Giving women athlete’s a spotlight attracted Rodley to “The Wolves.”

“The biggest thing for me as director is foregrounding women’s voices and showing their full strength at the same time so it’s not just them talking about things, it’s also this strength and power that they have,” she said. “We often diminish young women’s voices and so to have them so front and center and to have them really dealing with complex issues in their day-to-day lives is so important.”

The challenge for actors in any production is memorizing lines, but it is intensified in “The Wolves” by overlapping dialogue that Rodley said is tricky, but there’s also the physical part: convincing the audience that the actors onstage are real soccer players.

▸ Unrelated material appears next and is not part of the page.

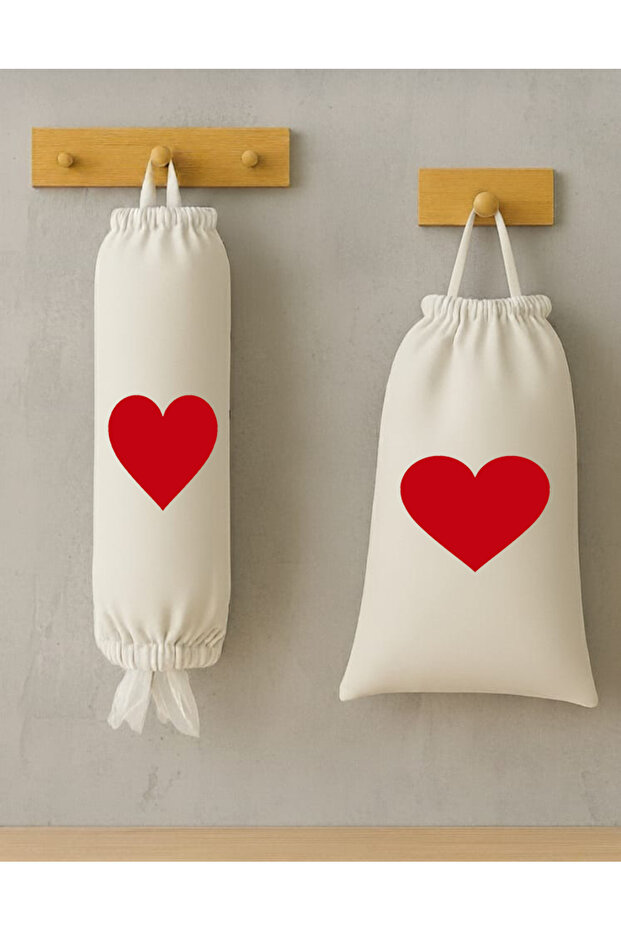 Set of 2 Bread Bags and Bag Holders – Kitchen Organizer Hangable Cloth Organizer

“We’ve gone over to the soccer field to kick the ball around, and we have a former student who’s a soccer coach,” she said. “Luckily, they know a lot more than me, but still, they have to share that information with one another and develop those skills. It’s been challenging, but they’ve been doing great work.”

With the 50th anniversary last June of Title IX, which provides equal opportunities for women in sports, Rodley hopes that seeing teenage girls in the context of sports, rather than another setting where girls congregate, will be inspiring. Even the team’s name denotes fierceness, a wolf pack going into battle together to win on the field … and in life.

“I think that’s purposeful on the playwright’s part too,” Rodley said. “These are strong young women doing an intense sport. There’s a tenaciousness to them, but there’s also the idea of how they work as a team. So often we have stories about women in conflict but it’s exciting to have this play about women working together as a team. It doesn’t mean they always agree with one another; there’s lots of infighting but they ultimately are getting it together.

Tickets are free for UO students, $10 for adults, and $8 for UO faculty and staff members, seniors 65 and older, youths in grades K-12, and non-UO college students.